Dès que nous nous plaçons à l’intérieur de cette production — qui est le lieu de la réalité métaphysique — il n’y a plus de morcellement quantitatif de figures extérieures les unes aux autres, il n’y a que la multiplicité de fusion qu’est l’unité vivante.

Quel que soit le fondement métaphysique sur lequel repose le morcelage de la vie en individus extérieurs les uns aux autres, la science (consiste non seulement dans un morcelage de corps, mais surtout dans un morcelage de faits, et c’est ce morcelage de faits que M. Bergson déclare illusoire.

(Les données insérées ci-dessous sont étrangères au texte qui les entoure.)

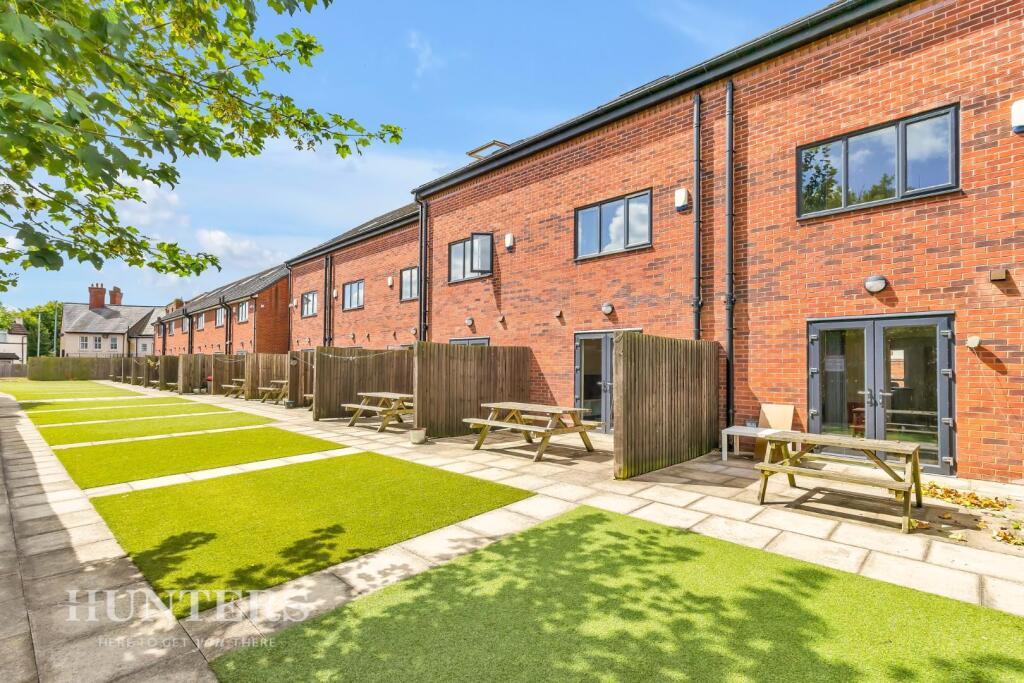 4 bed Town House for rent in Charlestown. From Hunters - Oldham 4 bed Town House for rent in Charlestown. From Hunters - Oldham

La philosophie n’a pas pris garde suffisamment à cette illusion. M. Bergson voit dans la Critique de la Raison Pure l’idée d’une expérience donnée comme une poussière de faits que l’esprit réunirait. De là le problème de la causalité, qui consiste à chercher comment arrivent à se rejoindre des éléments d’expérience donnés comme discontinus. « Considérons, disait M. Bergson dans un cours, la chute d’un corps. Ce fait paraît d’abord bien découpé ; il a un commencement et une fin dans l’espace et le temps, il apparaît aux sens comme quelque chose de simple et d’indépendant. Pourtant ce fait soi-disant indépendant n’est tel que si on ne tient pas compte de la divisibilité du corps, qui en fait une somme de mouvements. Ce qui se passe en réalité dans le corps qui tombe c’est un changement de configuration interne, et de ce point de vue le morcelage est encore moins naturel. En tout cas d’aucun des deux points de vue, divisibilité de la matière ou indivision du tout, la chute du corps n’est un fait indépendant. Ce fait ne se découpe pas de lui-même, il est découpé par nous. » Si nous considérons les faits historiques, le caractère artificiel du fait isolé, du morcelage, nous apparaîtra avec une évidence encore plus claire.

Les faits ne sont pas des réalités discontinues entre lesquelles la loi établirait une communauté et un ordre. En un certain sens ils sont postérieurs à la loi. C’est la loi de la chute des corps qui amène la physique à découper le fait de la chute des corps. La découverte d’une loi crée le fait, projette, comme les faisceaux d’un feu tournant, des lignes ou des zones dans la réalité continue.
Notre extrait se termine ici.